In Looker, we can use derived tables to quickly do these calculations. Continuing our SQL example above, we first enumerate every order, product pair:

```
- view: order_product
derived_table:
persist_for: 24 hours
indexes: [order_id]
sql: |
SELECT o.id as order_id
, oi.inventory_item_id as inventory_item_id
, p.item_name as product
FROM order_items oi
JOIN orders o ON o.id = oi.order_id
JOIN inventory_items ii ON oi.inventory_item_id = ii.id
JOIN products p ON ii.product_id = p.id
GROUP BY order_id, item_name
```

We then calculate a simple count distinct of the order ids for each item (the purchase count):

```
- view: total_order_product
derived_table:
persist_for: 24 hours
indexes: [product]
sql: |
SELECT p.item_name as product
, count(distinct p.item_name, o.id) as product_frequency
FROM order_items oi
JOIN orders o ON o.id = oi.order_id
JOIN inventory_items ii ON oi.inventory_item_id = ii.id
JOIN products p ON ii.product_id = p.id
GROUP BY p.item_name
```

Now using these roll-up tables, we can examine the joint frequency of any two products, by joining the order, product table to itself:

```
- view: order_purchase_affinity
derived_table:
persist_for: 24 hours
indexes: [product_a]
sql: |
SELECT product_a
, product_b
, joint_frequency
, top1.product_frequency as product_a_frequency
, top2.product_frequency as product_b_frequency
FROM (
SELECT op1.product as product_a
, op2.product as product_b
, count(*) as joint_frequency
FROM ${order_product.SQL_TABLE_NAME} as op1
JOIN ${order_product.SQL_TABLE_NAME} op2 ON op1.order_id = op2.order_id
GROUP BY product_a, product_b
) as prop
JOIN ${total_order_product.SQL_TABLE_NAME} as top1 ON prop.product_a = top1.product
JOIN ${total_order_product.SQL_TABLE_NAME} as top2 ON prop.product_b = top2.product
ORDER BY product_a, joint_frequency DESC, product_b
```

The result is a table with every product pair that was ordered together (product_a and product_b), along with the joint frequency (joint_frequency), and the raw frequency of each product individually (product_a_frequency and product_b_frequency).

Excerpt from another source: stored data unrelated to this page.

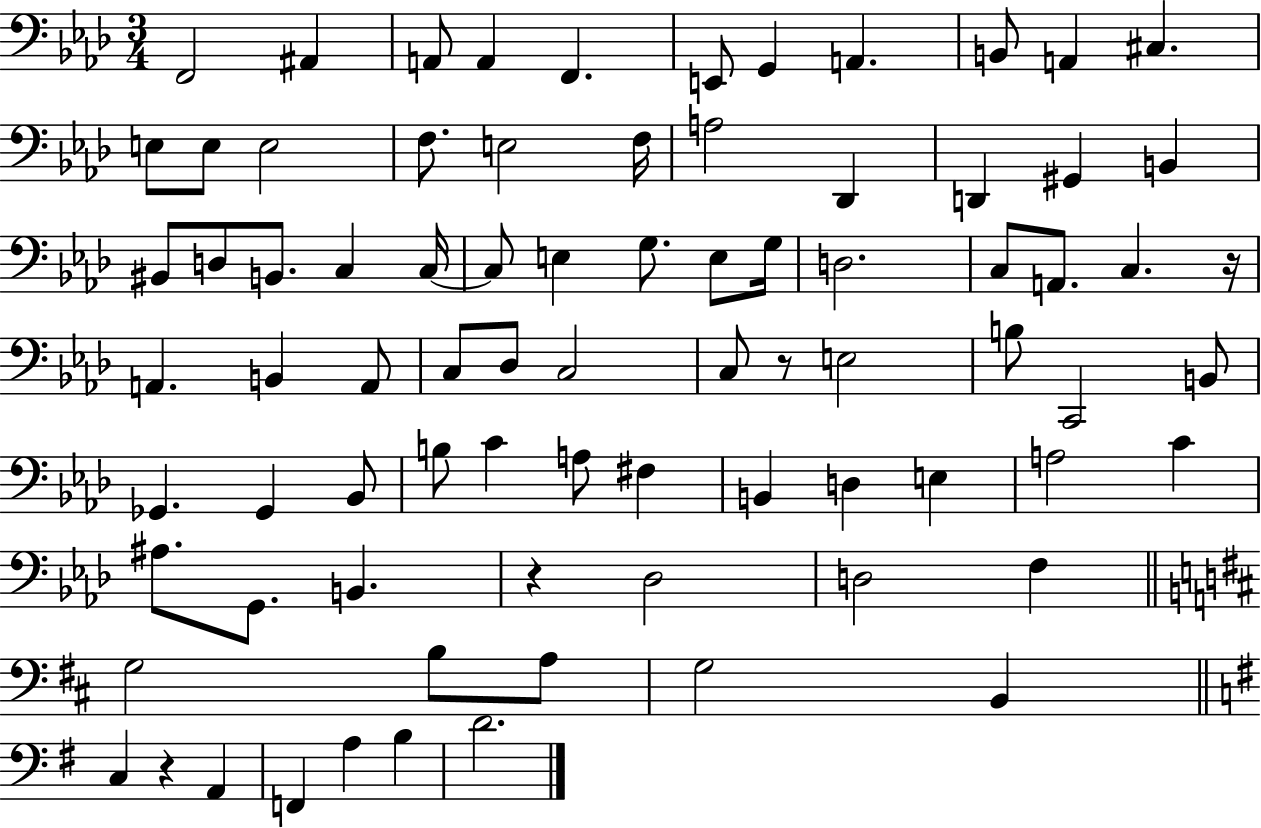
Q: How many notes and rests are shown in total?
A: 80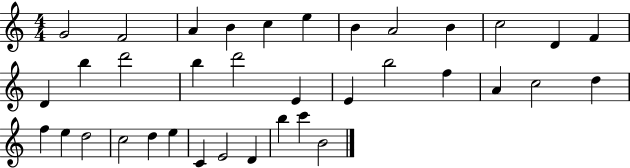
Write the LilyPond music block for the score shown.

{
  \clef treble
  \numericTimeSignature
  \time 4/4
  \key c \major
  g'2 f'2 | a'4 b'4 c''4 e''4 | b'4 a'2 b'4 | c''2 d'4 f'4 | \break d'4 b''4 d'''2 | b''4 d'''2 e'4 | e'4 b''2 f''4 | a'4 c''2 d''4 | \break f''4 e''4 d''2 | c''2 d''4 e''4 | c'4 e'2 d'4 | b''4 c'''4 b'2 | \break \bar "|."
}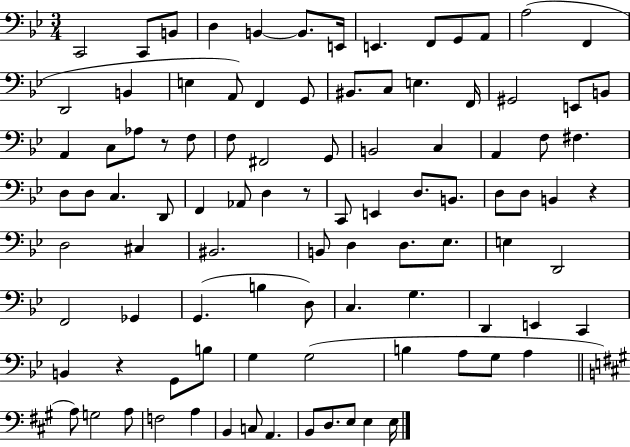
{
  \clef bass
  \numericTimeSignature
  \time 3/4
  \key bes \major
  c,2 c,8 b,8 | d4 b,4~~ b,8. e,16 | e,4. f,8 g,8 a,8 | a2( f,4 | \break d,2 b,4 | e4 a,8) f,4 g,8 | bis,8. c8 e4. f,16 | gis,2 e,8 b,8 | \break a,4 c8 aes8 r8 f8 | f8 fis,2 g,8 | b,2 c4 | a,4 f8 fis4. | \break d8 d8 c4. d,8 | f,4 aes,8 d4 r8 | c,8 e,4 d8. b,8. | d8 d8 b,4 r4 | \break d2 cis4 | bis,2. | b,8 d4 d8. ees8. | e4 d,2 | \break f,2 ges,4 | g,4.( b4 d8) | c4. g4. | d,4 e,4 c,4 | \break b,4 r4 g,8 b8 | g4 g2( | b4 a8 g8 a4 | \bar "||" \break \key a \major a8) g2 a8 | f2 a4 | b,4 c8 a,4. | b,8 d8. e8 e4 e16 | \break \bar "|."
}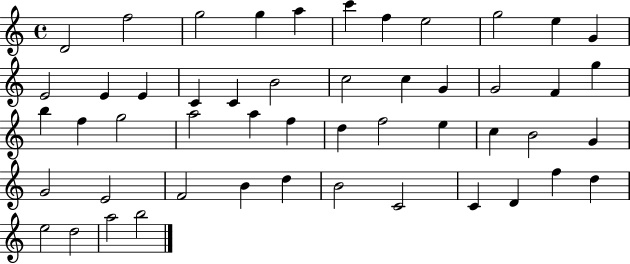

The affinity is then simply:

```
joint_frequency / (product_a_frequency + product_b_frequency - joint_frequency)
```

The analysis does not need to stop at order affinity.

This same analysis could be done at the user level, to generate email or product recommendations (Amazon’s users who bought X), or at the pageview level, to generate article recommendations (reader who liked this article also read X).

This analysis could also be used to generate more general category or sub-category recommendations, rather than simply recommending products (like these kid’s shoes, check out selection of kid’s hats).

Subsetting the ‘recommendation set’ based upon user attributes (age, location, gender, etc) would allow for “personalized” recommendations that could cohort and target users more granularly (say pointing LA denim buyers to t-shirts and Vermont denim buyers to outerwear).

Finally, time-sliced subsetting could allow for seasonal recommendation changes (maintaining fresh article recommendations on a news site for example).